There are a glut of incredible females around, so why aren’t they headlining, why aren’t they on more bills… WHY IS THIS STILL A THING??
It’s noon on Saturday at Glastonbury 2007 and me and my best girls wake up determined to trundle through mud wastelands to cheer on the one, the only, The Pipettes. Remember them? Brighton’s all-female band responsible for such gems as ‘Your Kisses Are Wasted On Me’? We saw ourselves in The Pipettes, dressed like The Pipettes, sang The Pipettes on the bus to lectures, wanted to be The Pipettes. Our first Glasto was planned around The Pipettes, so much so we hauled hungover ass across the Somerset Somme to show our solidarity because they were the indie babes we could be if we weren’t knee deep in Pilton muck, our hair a wash of dry shampoo and Scrumpy Jacks. They were the best we had during a year when Arctic Monkeys, The Killers and The Who headlined. So we stood in an empty field fit for thousands, hoping that next time The Pipettes might reach the zenith of joining the all-male, trad bands that were a shoe-in year after year. Not that we didn’t love/want to marry Alex Turner and Brandon Flowers (less Roger Daltrey), but we couldn’t identify with them as women. It’d be nice to celebrate an all-female collective like us at the top of the bill.

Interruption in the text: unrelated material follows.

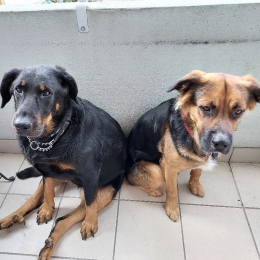 Ilou et spoon profile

Sadly our efforts remain in vain. For all-female bands, the festival landscape is bleak. Last week a study revealed that a paltry 3.5% of the six biggest line-ups consist of all-female bands (compared to a whopping 43% all-male), but why the under-representation? Not to get all ‘wimmin in music’ by cobbling together musicians who have nothing in common besides their genitals but… we have the strongest array of all-female bands on the scene for bygones. Savages, Warpaint, Haim, Honeyblood, Pins, Tegan & Sara, Dum Dum Girls, Ex Hex… The caliber is definitely high enough to not just play the biggest festivals, but sell them by being confidently positioned way up on the bill. These bands can smash through any glass ceiling of prejudice, just like a Jay Z or Metallica at Glastonbury. Isn’t it sad that we can challenge fans to be flexible with genres, but still can’t push them enough to celebrate female groups - actually FEMALES in general – as big draws?